V. Comparaison avec les autres menhirs du Plateau suisse
La région de Bonvillars n’est pas isolée en matière de mégalithisme. On retrouve plusieurs autres pierres dressées dans un rayon de 30 kilomètres, notamment autour du lac de Neuchâtel et de la Broye. Toutefois, le menhir de Bonvillars demeure exceptionnel par sa taille et par l’isolement dans lequel il se présente aujourd’hui. Contrairement à d’autres menhirs intégrés dans des alignements ou à proximité de nécropoles néolithiques, celui-ci ne semble pas faire partie d’un ensemble complexe, du moins dans l’état actuel des recherches. Des prospections géophysiques réalisées dans la première moitié du XXe siècle n’ont révélé aucune structure associée à proximité. Ce caractère isolé pourrait être la conséquence de destructions anciennes, d’un déplacement, ou d’un usage différent.

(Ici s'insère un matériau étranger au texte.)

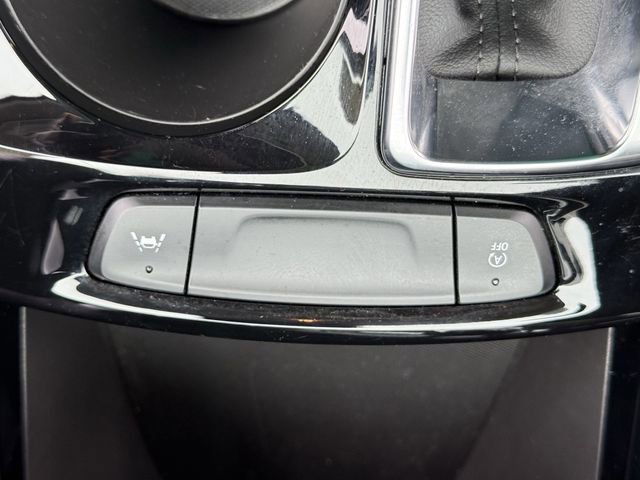 Used 2025 Chevrolet Trax LT FWD image 23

VI. Hypothèses et zone d’ombre
Malgré les avancées méthodologiques en archéologie, le sens profond de la présence de ce menhir reste inexpliqué avec certitude. Aucun indice d’inhumation, d’outillage, ni même de structure voisine ne viennent appuyer les hypothèses classiques d’un site rituel ou funéraire. De plus, sa position en rebord de terrasse et sa forte visibilité depuis les rives du lac alimentent une théorie d’orientation symbolique, voire astronomique, bien que non démontrée scientifiquement. Un autre mystère entoure son origine géographique : si le gneiss provient d’un lointain socle alpin, comment cette masse rocheuse a-t-elle été déplacée sur plusieurs dizaines de kilomètres, à une époque où la roue n’était pas encore utilisée de manière répandue ? La solution la plus probable réside dans un transport naturel par les glaciers, puis un redressement par des groupes humains, mais cela demeure sujet à débats.
Belle visite !
Quelques photos :






















Pour s’y rendre :
Depuis Bonvillars, prendre Route de la Cour, puis tourner à droite sur le parking de la salle des Maîtres. Revenir à la route à pied, traverser, et s’engager sur le chemin qui borde les vignes, le menhir est juste en face.
A proximité :
- Le menhir de Grandson
- Le dolmen de Praz-Berthoud à Onnens
- Le menhir de la Vernette à Corcelles-Près-Concise
- Les quatre menhirs à Corcelles-Près-Concise
Sur la carte :




Je trouve que ce menhir « dégage quelque chose ». Il est vraiment très bien mis en valeur avec le parking et l’aire de jeu. Merci au propriétaire viticole qui laisse l’accès au menhir.